* [GOAL OF THE EXERCISE] Where pictures appear, omit them, and copy exactly only the lines from the start of the listing through the line containing "Aston Villa Football", both included.

* [RECORDED DATA]
=-=-=

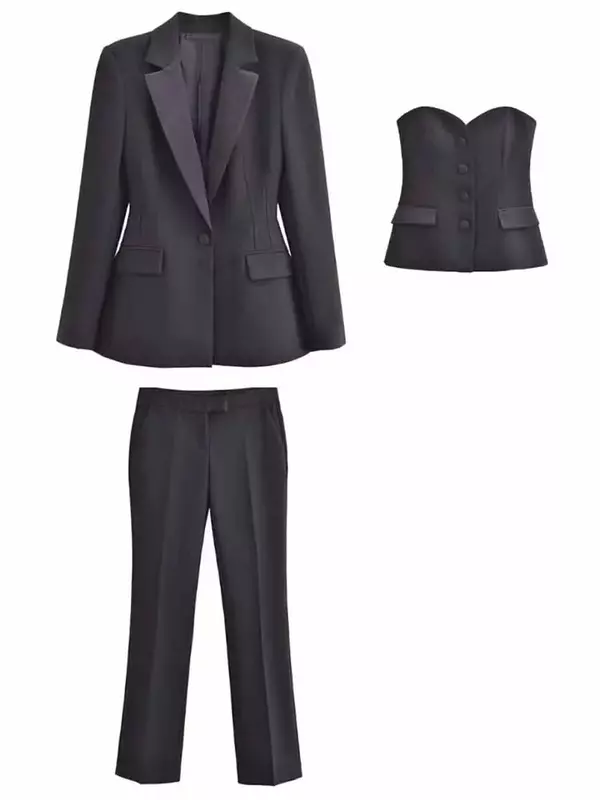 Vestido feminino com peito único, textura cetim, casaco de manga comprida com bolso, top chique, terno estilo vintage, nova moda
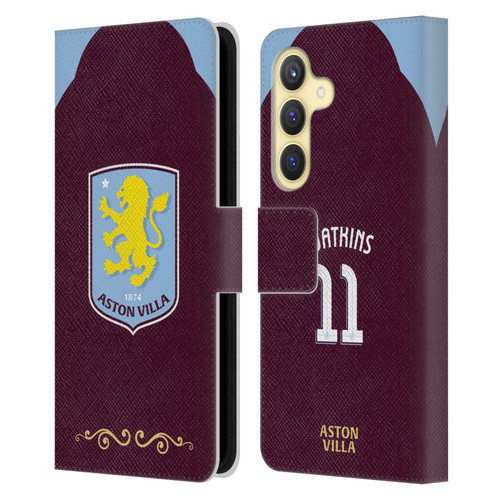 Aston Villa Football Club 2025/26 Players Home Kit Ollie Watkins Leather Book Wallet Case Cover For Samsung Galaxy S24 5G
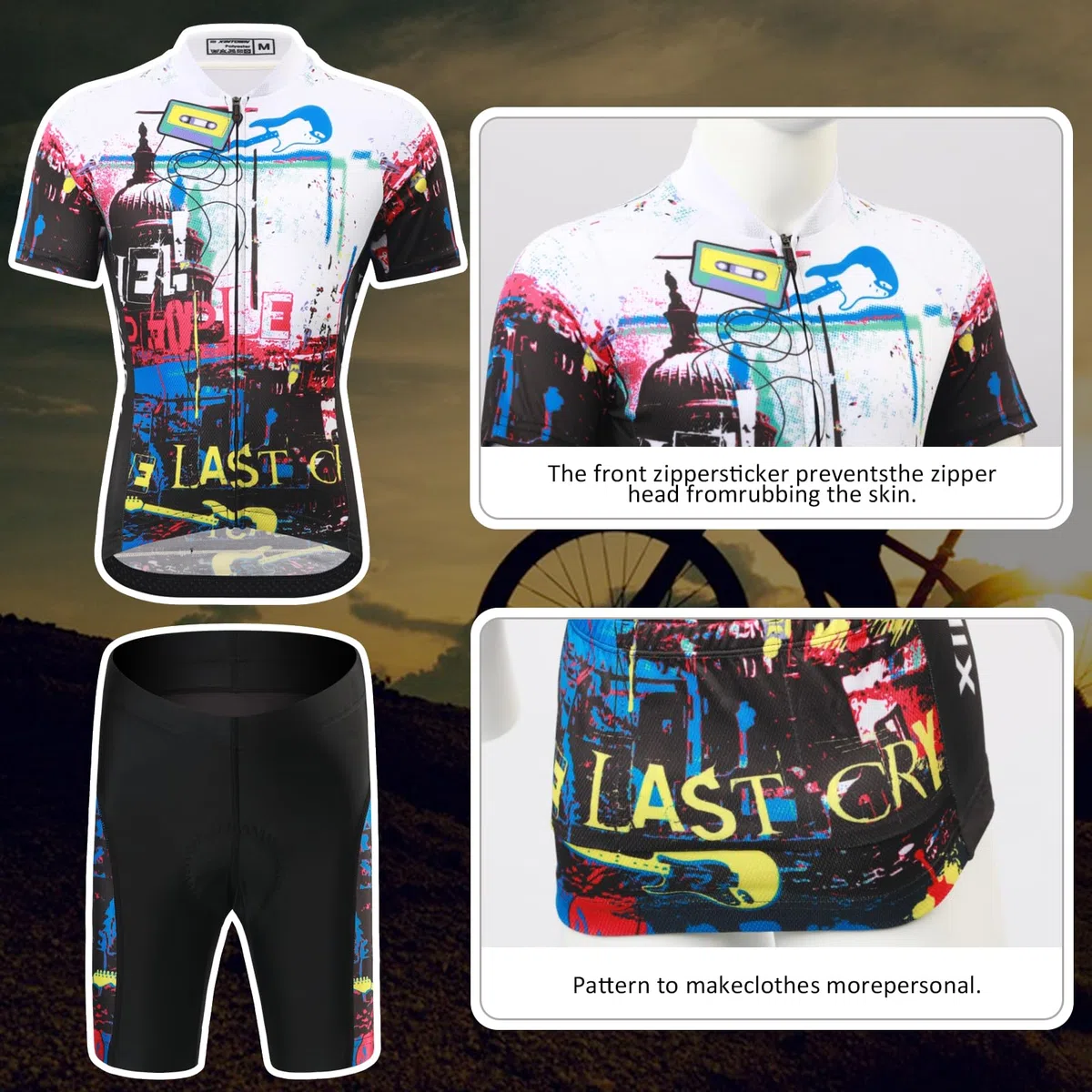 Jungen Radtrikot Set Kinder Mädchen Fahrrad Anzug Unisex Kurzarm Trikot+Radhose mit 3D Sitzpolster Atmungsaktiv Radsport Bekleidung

=-=-=

* [OUTPUT OF THE EXERCISE]
 Vestido feminino com peito único, textura cetim, casaco de manga comprida com bolso, top chique, terno estilo vintage, nova moda
 Aston Villa Football Club 2025/26 Players Home Kit Ollie Watkins Leather Book Wallet Case Cover For Samsung Galaxy S24 5G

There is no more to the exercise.